**WHAT NEEDS TO BE DONE:**
Exactly the lines below, starting with the one containing "لاعبو سبورتنج براجا" and going on through the one containing "Предприниматель решил обанкротить", must be reproduced, both ends included, and no pictures with them.

**RECORDS FOR THE EXERCISE:**
——————————

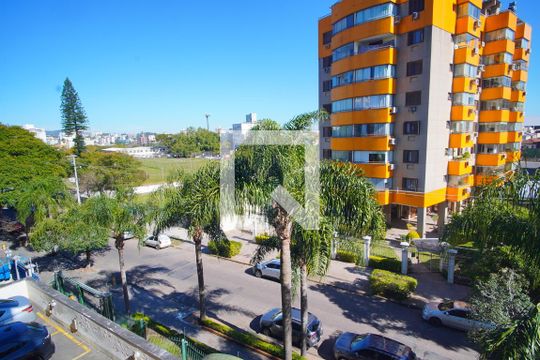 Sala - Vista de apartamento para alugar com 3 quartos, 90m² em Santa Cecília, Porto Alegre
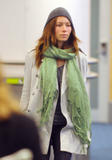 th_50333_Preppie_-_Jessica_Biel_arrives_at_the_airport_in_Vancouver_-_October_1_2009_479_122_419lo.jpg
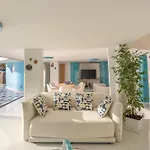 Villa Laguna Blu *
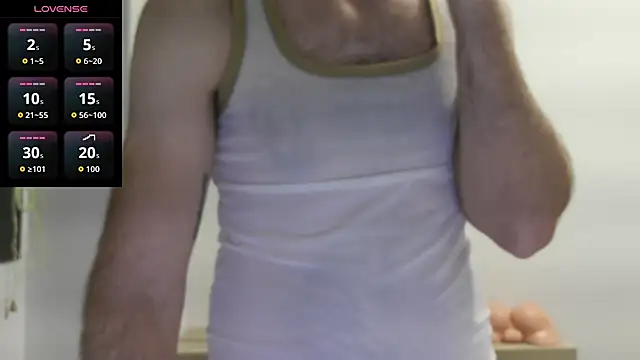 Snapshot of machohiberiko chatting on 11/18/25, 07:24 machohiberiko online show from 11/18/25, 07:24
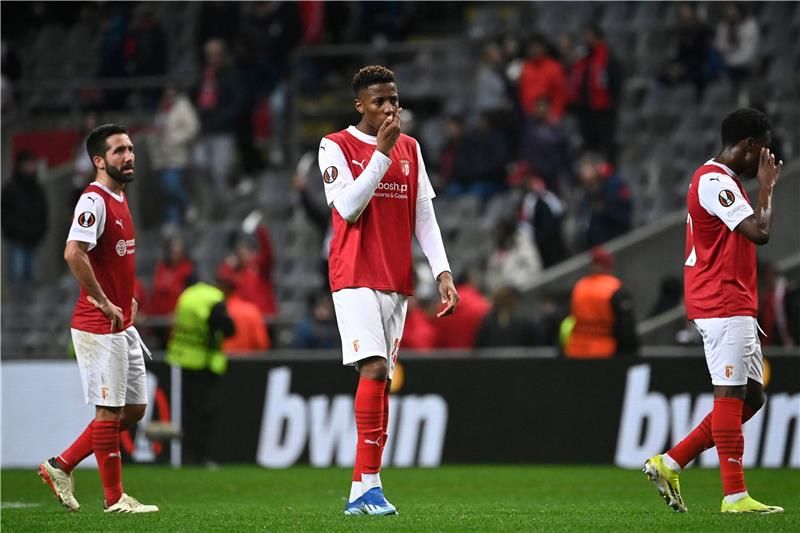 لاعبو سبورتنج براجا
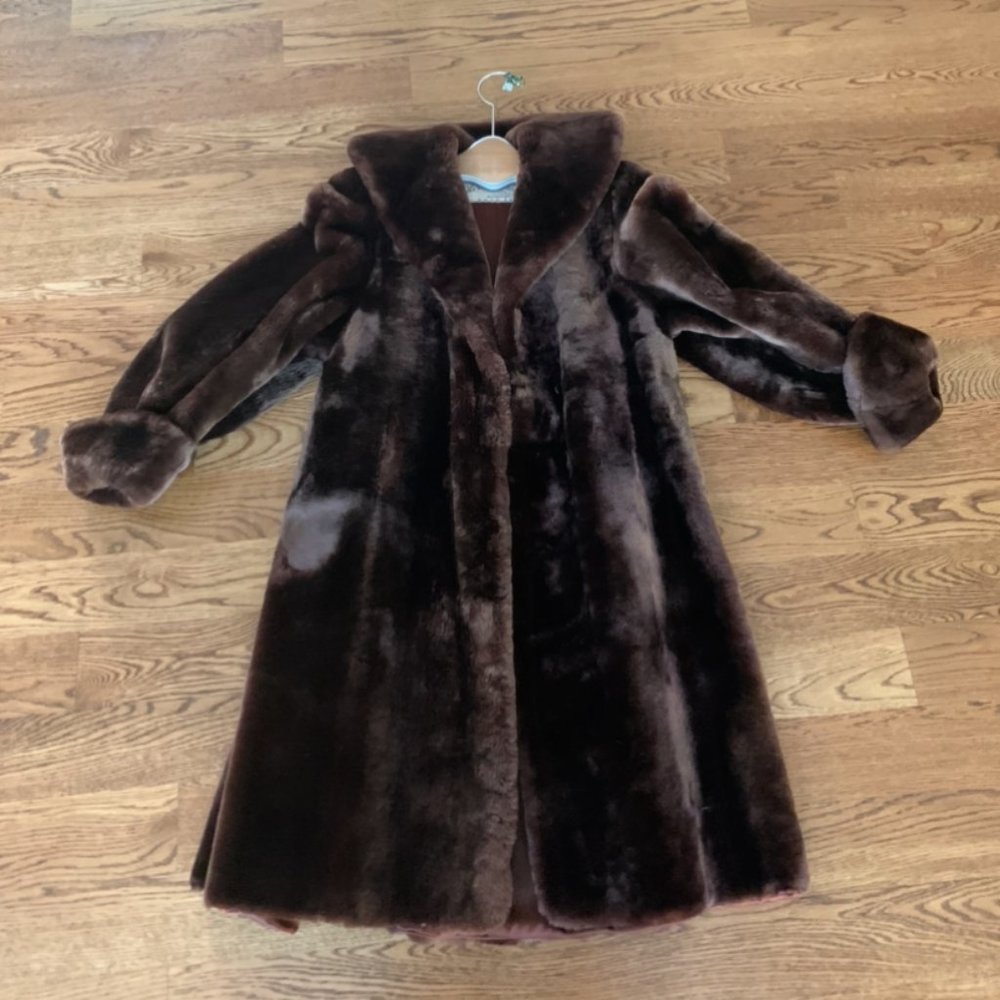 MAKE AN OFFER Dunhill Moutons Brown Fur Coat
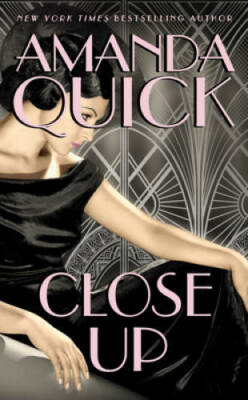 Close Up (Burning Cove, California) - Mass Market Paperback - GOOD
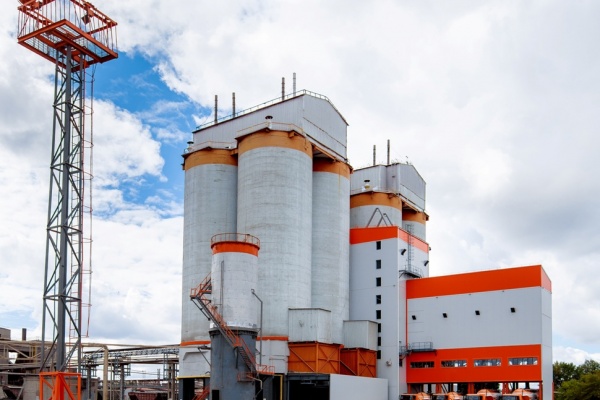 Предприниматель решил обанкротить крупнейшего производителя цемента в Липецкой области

——————————

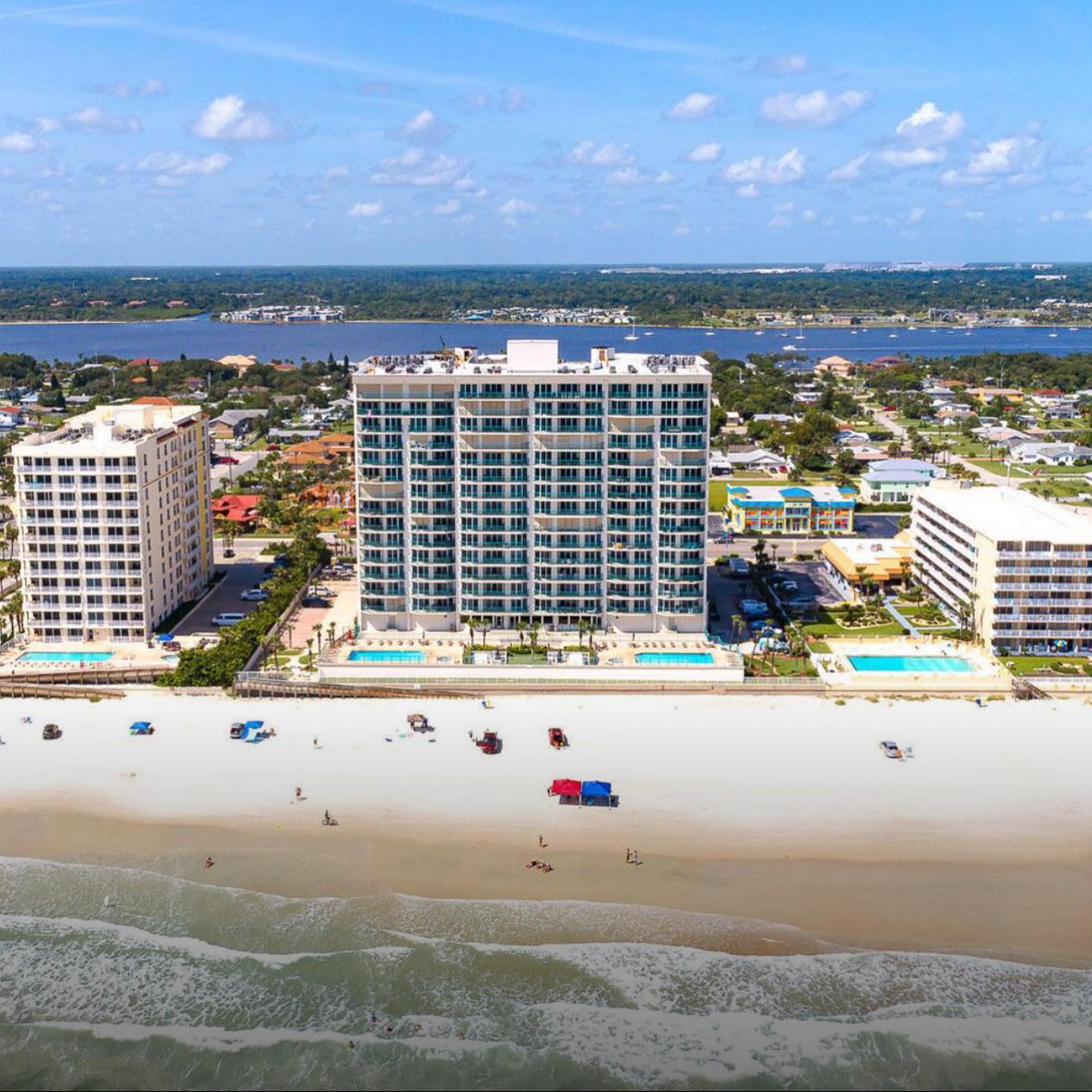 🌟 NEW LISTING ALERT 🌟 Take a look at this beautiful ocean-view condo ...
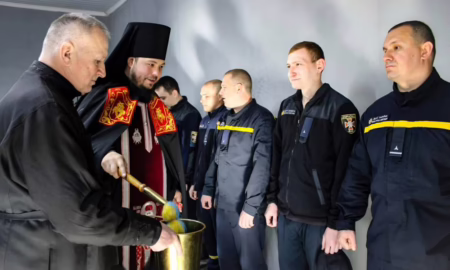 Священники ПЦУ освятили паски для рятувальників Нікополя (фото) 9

——————————

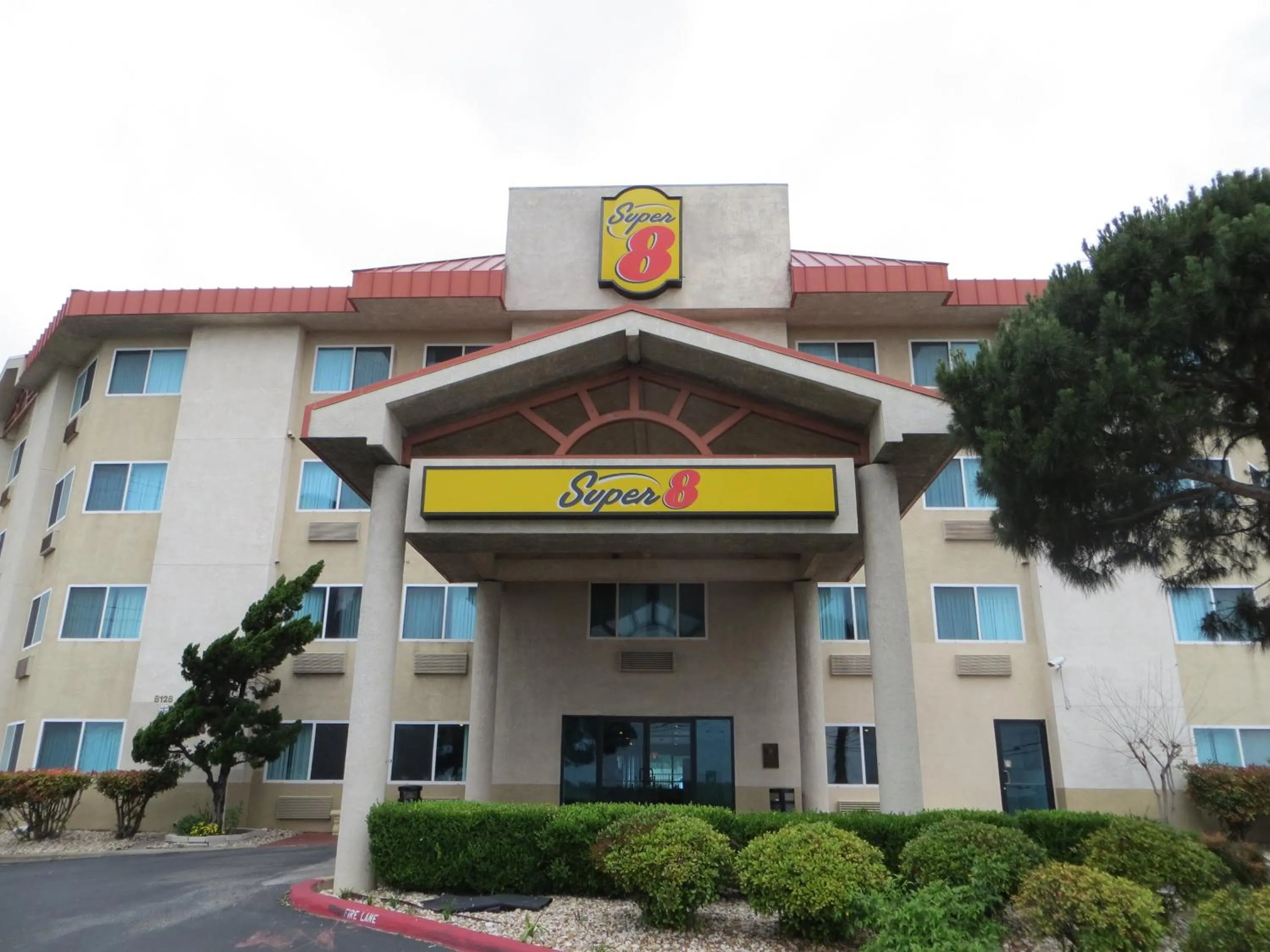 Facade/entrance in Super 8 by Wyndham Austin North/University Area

——————————

**EXPECTED ANSWER:**
 لاعبو سبورتنج براجا
 MAKE AN OFFER Dunhill Moutons Brown Fur Coat
 Close Up (Burning Cove, California) - Mass Market Paperback - GOOD
 Предприниматель решил обанкротить крупнейшего производителя цемента в Липецкой области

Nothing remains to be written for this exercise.